#### DATA SHOWN

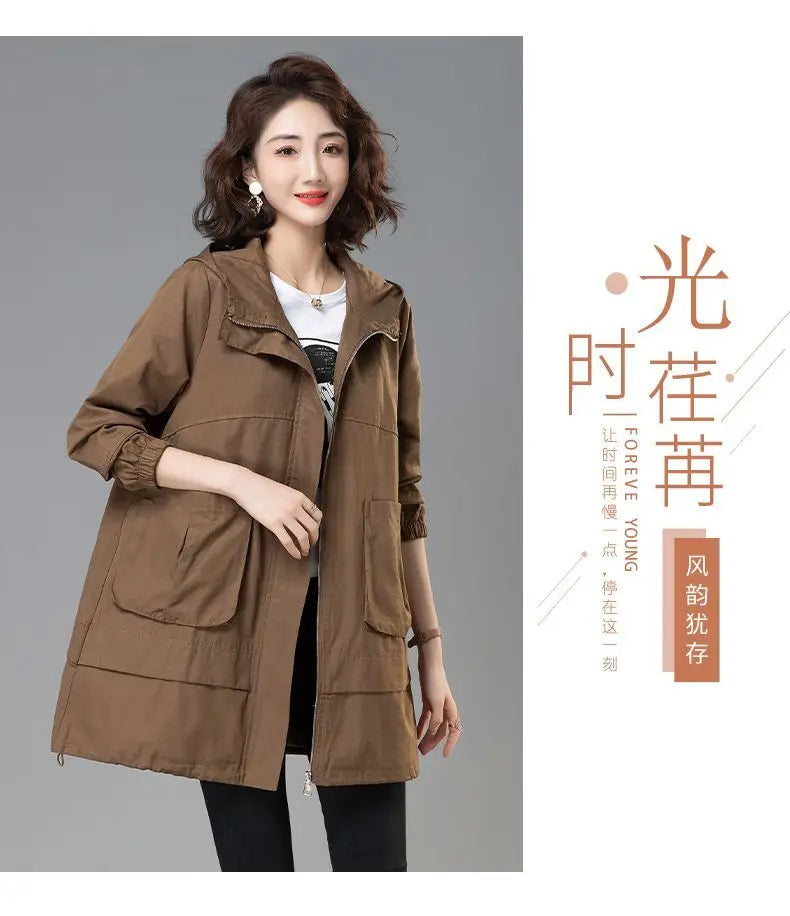 2024 Women Trench Coat With Hooded Tops Autumn New Coat Long-Sleeved Loose Mid-Length Outerwear Female Windbreaker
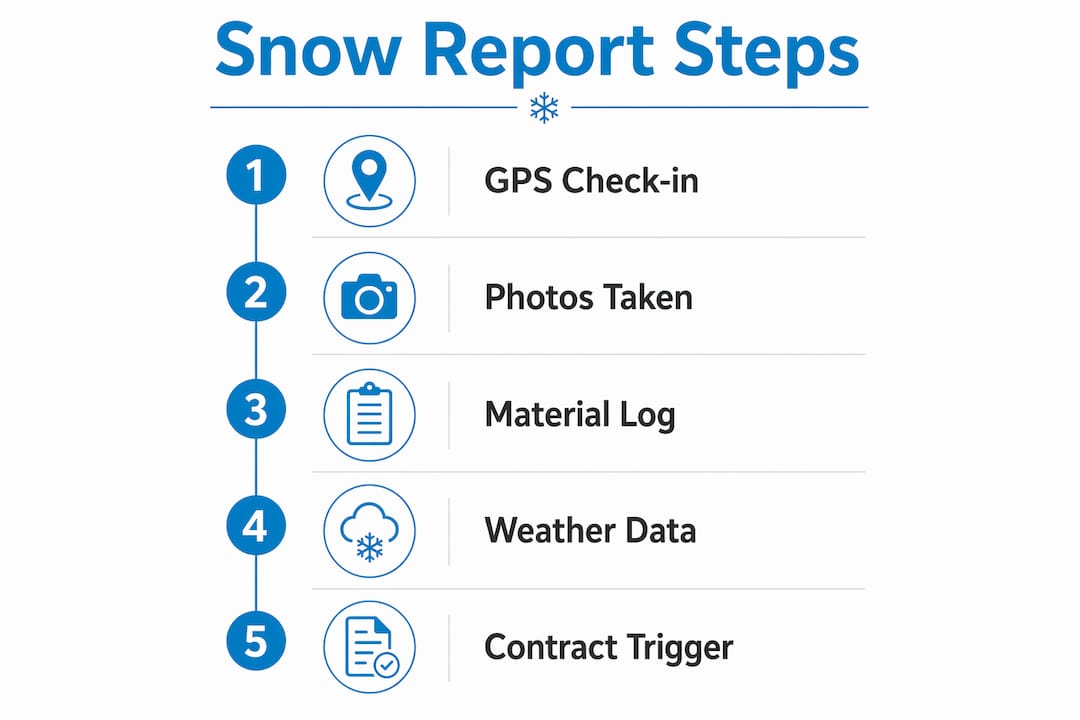 Infographic showing snow removal report generation steps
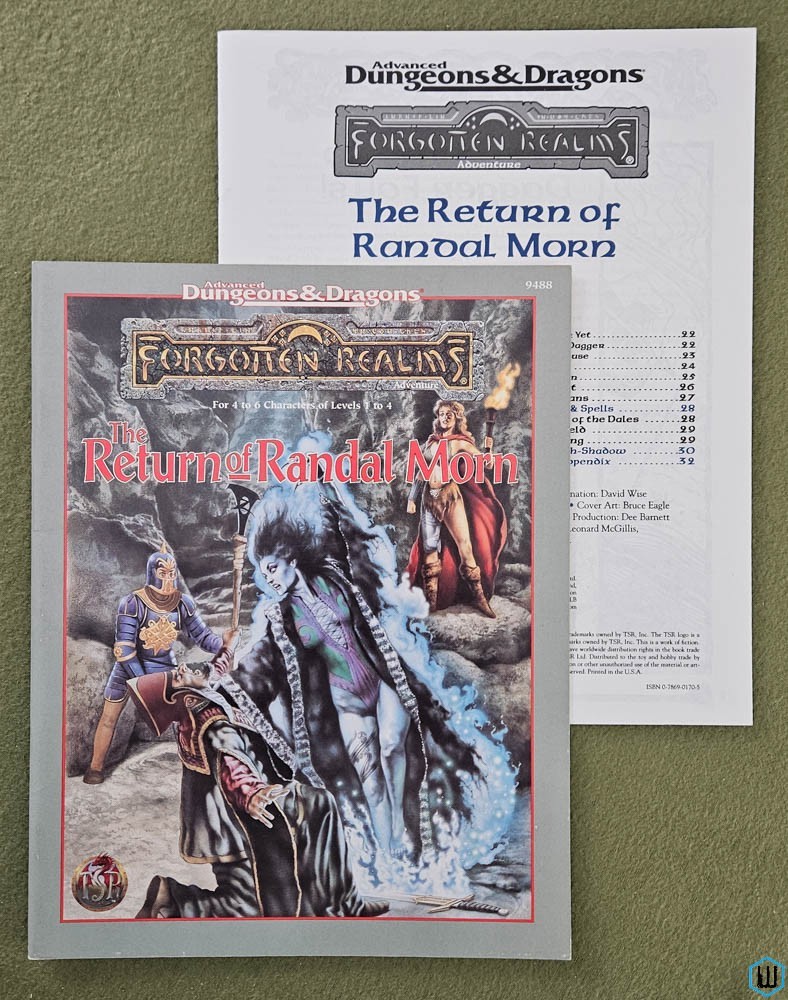 Return of Randal Morn (Advanced Dungeons Dragons Forgotten Realms) Original TSR 9488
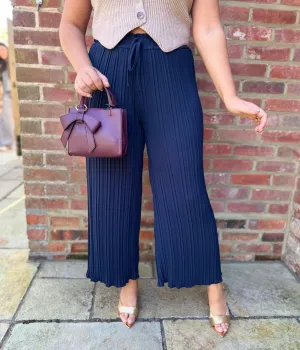Made in Italy Navy wide leg Trousers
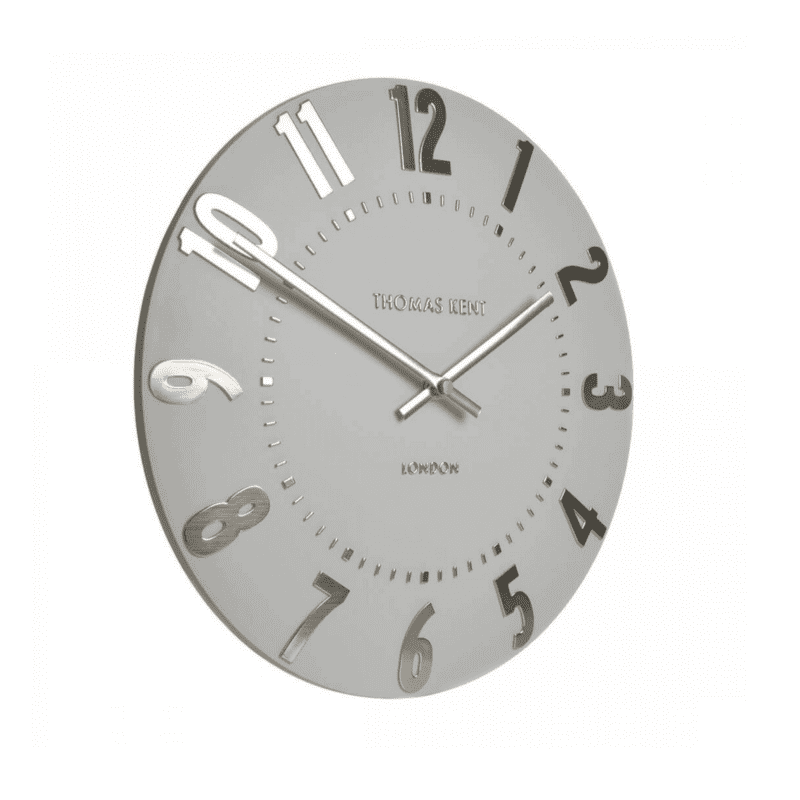 12inch Mulberry wall clock silver cloud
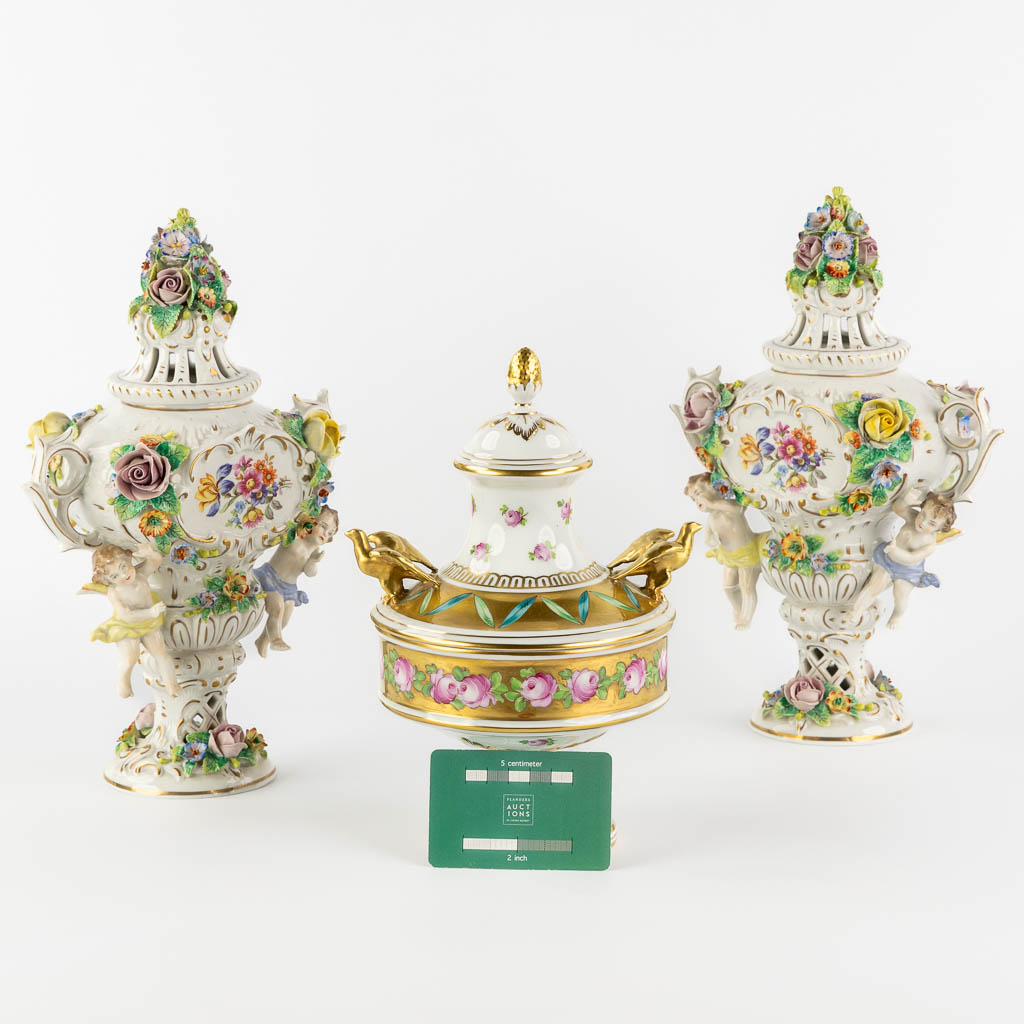 Dresden and Sitzendorf, three pieces of polychrome porcelain. Saxony, Germany. (L:11 x W:20 x H:29 cm)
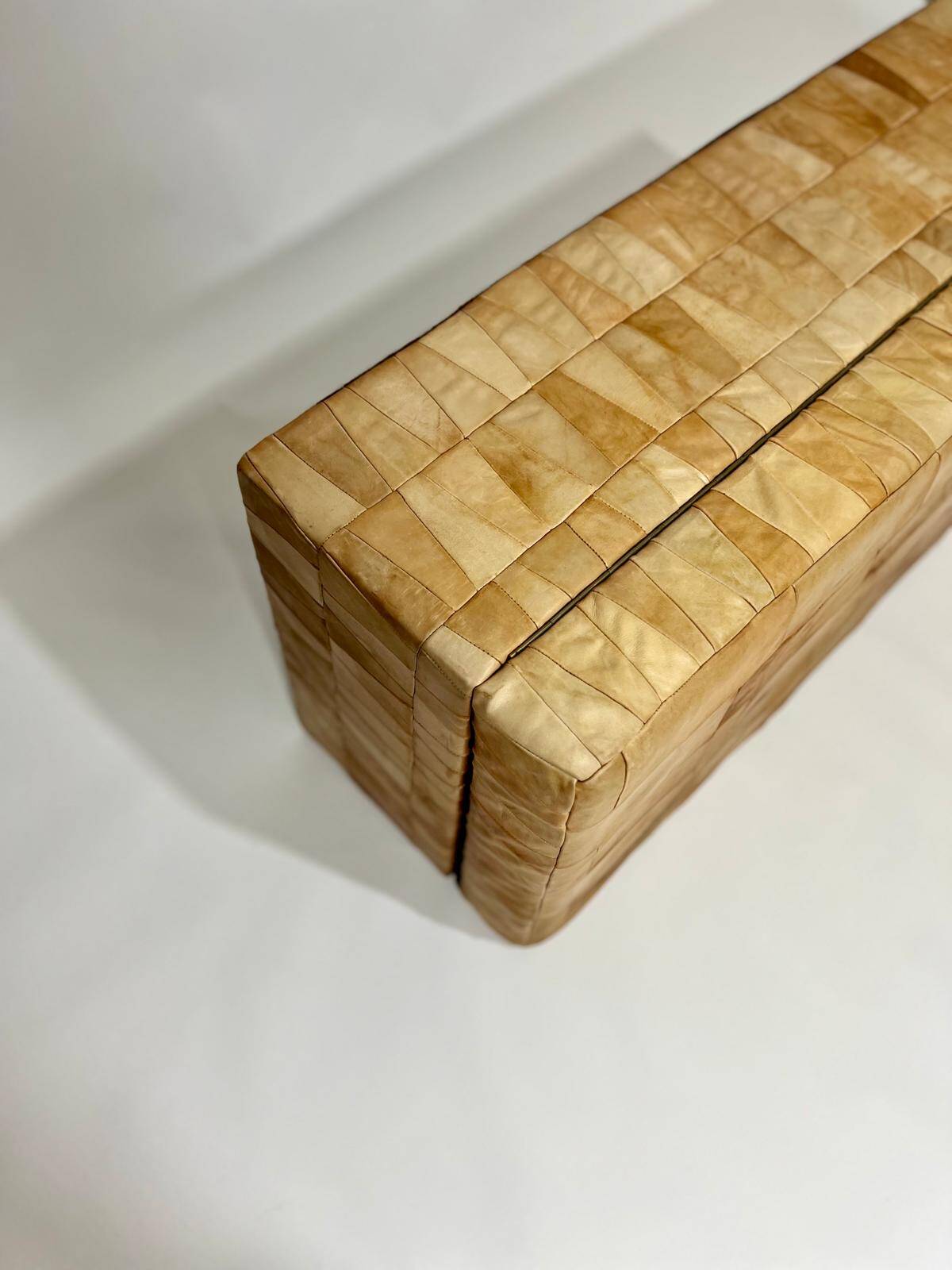 De Sede style storage bench, leather patchwork, 1970s design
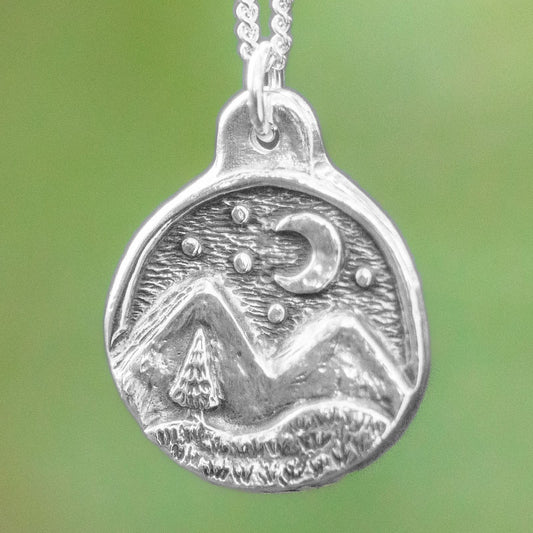 Moon And Mountains Silver Pendant Necklace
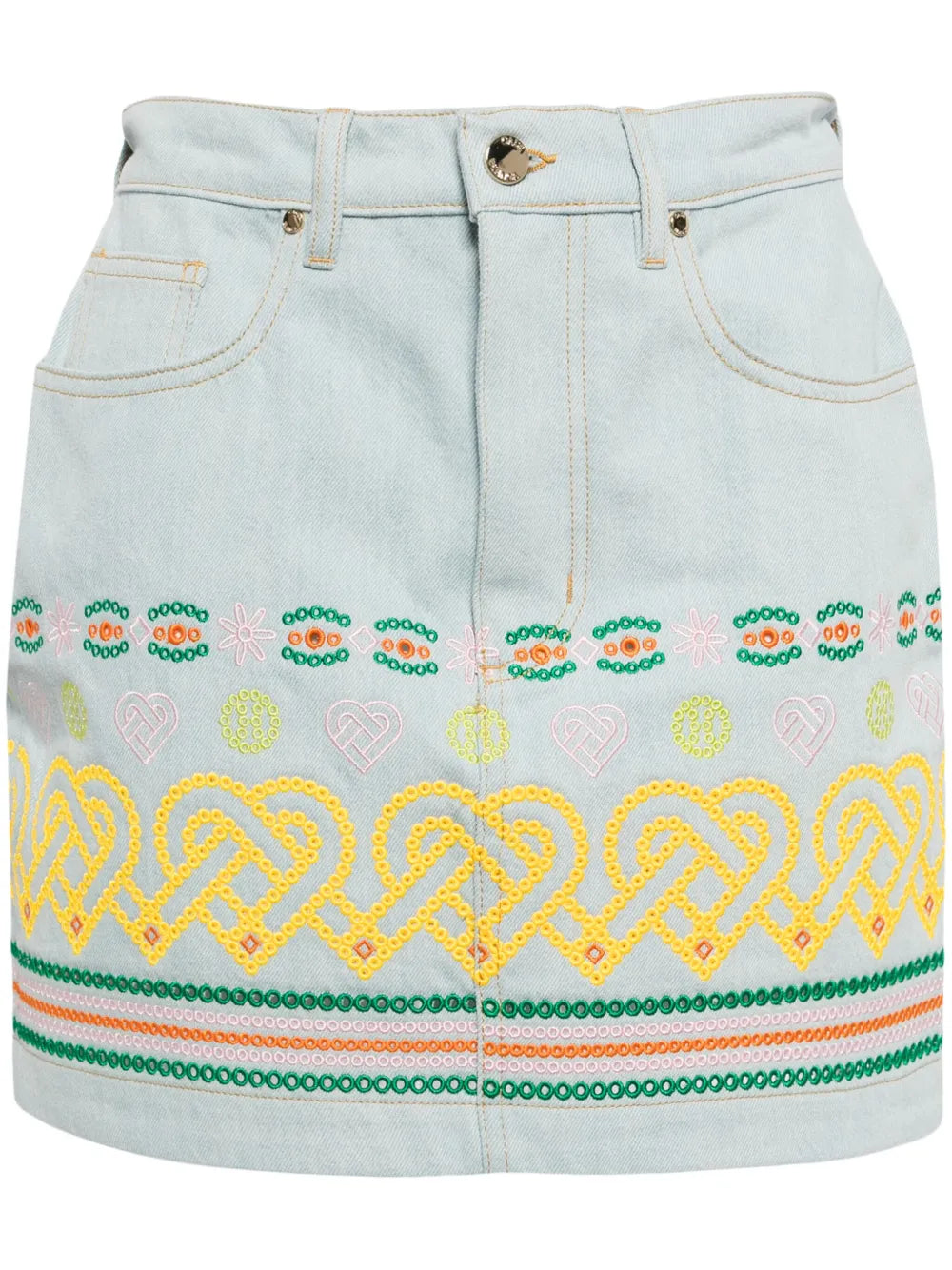 Embroidered Cotton Mini Skirt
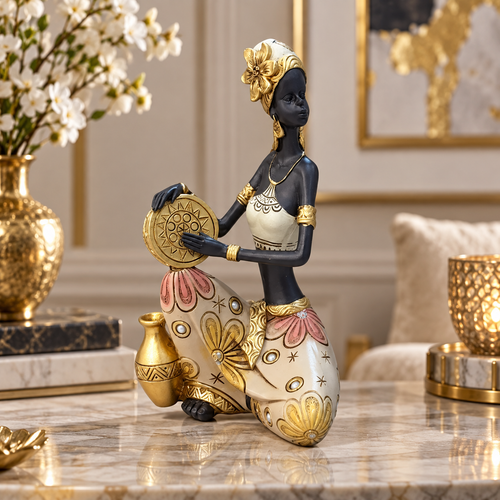 Royal Ethnic Drummer Woman Showpiece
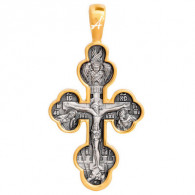 "Материнский крест". Крест из серебра 925 пробы с позолотой и чернением фото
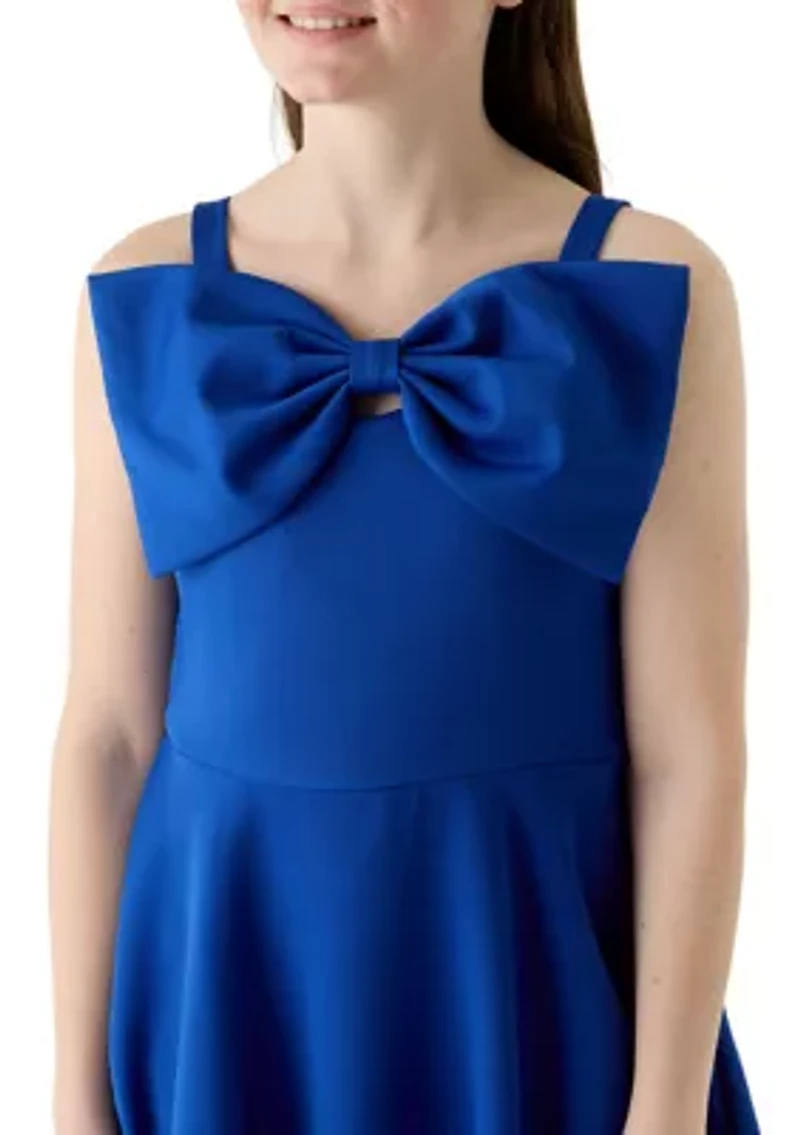 Girls 7-16 Bow Scuba Skater Dress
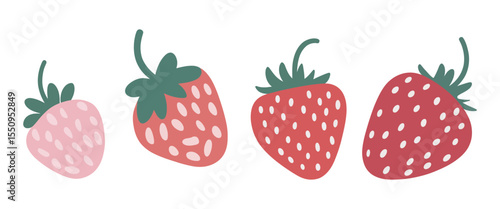 Set of berry strawberry in doodle style, vector illustration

########

### DESCRIPTION OF THE TASK
In the listing, find the line containing "и чернением фото" and repeat it and every later line through the last one, word for word, excluding the pictures.

### ANSWER TO THE PROBLEM
 "Материнский крест". Крест из серебра 925 пробы с позолотой и чернением фото
 Girls 7-16 Bow Scuba Skater Dress
 Set of berry strawberry in doodle style, vector illustration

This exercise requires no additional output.